Hardware and software have co-evolved, so that disks provide an illusion of erro...

spartango · on Dec 19, 2012

On one hand you're right: when block devices fail, they're pretty much gone--if you've ever tried to read from a bad sector you'll know this exactly, or worse still on SSDs, where the disk will fail to show up to the bus.

That said, I'm not sure I agree with the idea that we got away with a lack of error handling because disks had consistent performance. Magnetic disks have always had incredibly inconsistent random IO performance, and even inconsistent performance between different parts of the platter(s). And in the spirit of co-evolution, we engineered around it: OS disk caches are critical to decent performance on HDDs.

I think it's not that we found disks to be consistent, as much as our solution to their suboptimal behaviors was caching, rather than error reporting/timeouts. I believe this is because caching was the most transparent approach; a good cache makes a variable-speed disk look just like an ideal disk, so an application can be written assuming the disk is perfect.

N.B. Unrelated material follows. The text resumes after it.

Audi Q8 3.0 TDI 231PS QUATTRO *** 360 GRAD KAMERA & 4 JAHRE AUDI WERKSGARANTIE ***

Interestingly, as distributed systems have evolved, we've ended up having to engineer the error-handling constructs that might have been used for block devices; we see them in network filesystems (as mentioned) as well as most other network services. Applications have been designed to deal with errors. We just haven't propagated those constructs down to the disk devices in the recent past.

zurn · on Dec 20, 2012

> Magnetic disks have always had incredibly inconsistent random IO performance

From a non-realtime app POV disk seek performance is pretty consistent: you get 5-25ms seek cies that center around 10ms. Especially In contrast to network backed where you get to contend with hiccups and contention with other users.

OS disk caching came about for a different reason.